Photo by Dawid Zawila
Dear Readers,
As the Windhorse approach is a form of contemplative psychotherapy, it is rooted in a whole person perspective. This points to viewing a person in the entirety of their being: their physical, social, and mental-spiritual world. And as it’s becoming more widely recognized that mental health challenges are a whole person phenomenon, leaders in psychology as well as the faith communities have begun to identify the need to better integrate psychological and spiritual approaches in order to optimize conditions for recovery.

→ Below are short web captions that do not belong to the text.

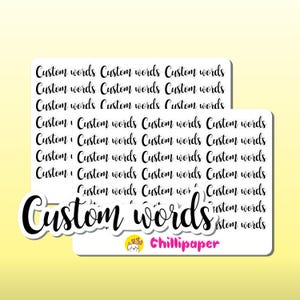 以下が含まれることがあります： 白いステッカー用紙に、「Custom words」という単語が黒い筆記体で複数回繰り返されています。「Custom words」という単語は、シートの下部に、より大きく、太字で書かれています。「Chillipaper」というテキストは、シートの下部にピンクのフォントで書かれています。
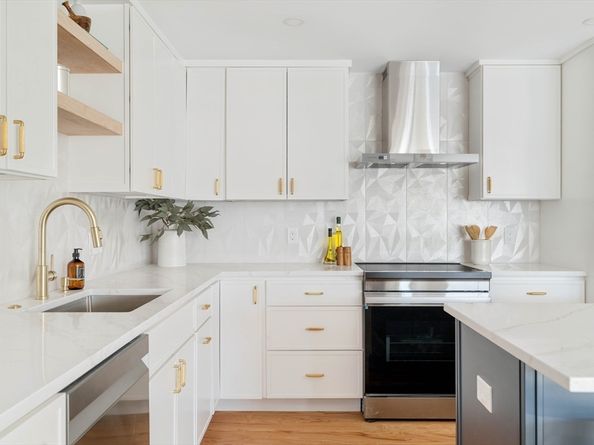 655 Saratoga Street 201, Boston MA 02128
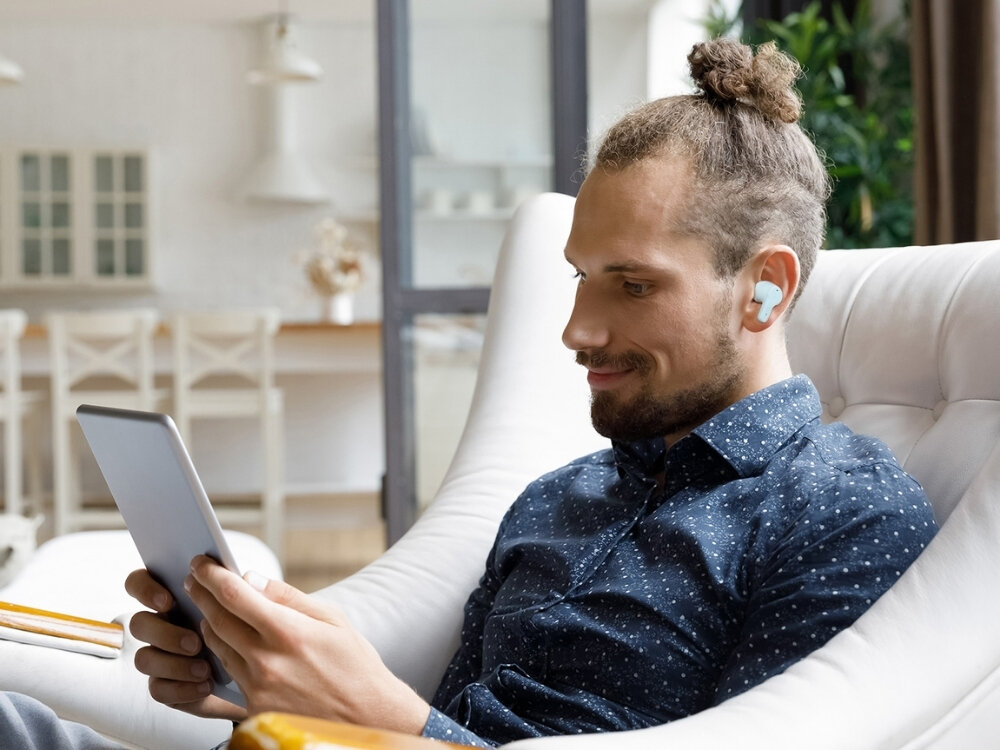 Słuchawki dokanałowe CREATIVE Zen Air Pro ANC
                mężczyzna w słuchawkach na kanapie bluetooth le audio stabilny pozbawiony opóźnień dźwięk hybrydowa redukcja szumu anc 33 godzin odtwarzania wciągające wrażenia akustyczne odporność na zachlapania ipx5 tryb ambient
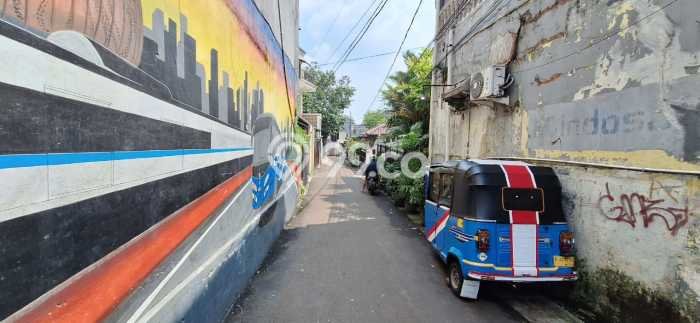 Unit Kost Dijual di Kawasan Kebayoran Baru Jakarta Selatan dengan 12 KT Unit Kost Dijual di Kawasan Kebayoran Baru Jakarta Selatan dengan 12 KT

One of the national leaders in this recognition is the Interfaith Network On Mental Illness, which was co-founded in Boulder, Colorado in 2007 by Joanne Kelly and Reverand Alan Johnson… Below is a statement from their website (info@inmi.us):
Our mission is to increase awareness and understanding of mental illness among clergy, staff, lay leaders, and members of faith communities. We also seek to educate therapeutic professionals, family members, and the general public about simple things that can help someone struggling with a mental illness, including their spirituality/faith. We aim to help everyone, especially faith communities, more effectively develop and nurture supportive environments for persons dealing with mental illnesses, as well as their families and friends.

Ken Pargament
Another leader is psychologist Dr. Ken Pargament. He has been on the vanguard of this evolution as a clinician, teacher, and author, and his book Spiritually Integrated Psychotherapy is a seminal work in this emerging area of study and practice. On May 16 – 18 of this year, Dr. Pargament was the featured presenter in a conference organized by INMI and co-sponsored by Windhorse Community Services. The conference was titled, Sacred Matters: Integrating Spirituality into Mental Health Care and Mental Health Care into Faith Communities.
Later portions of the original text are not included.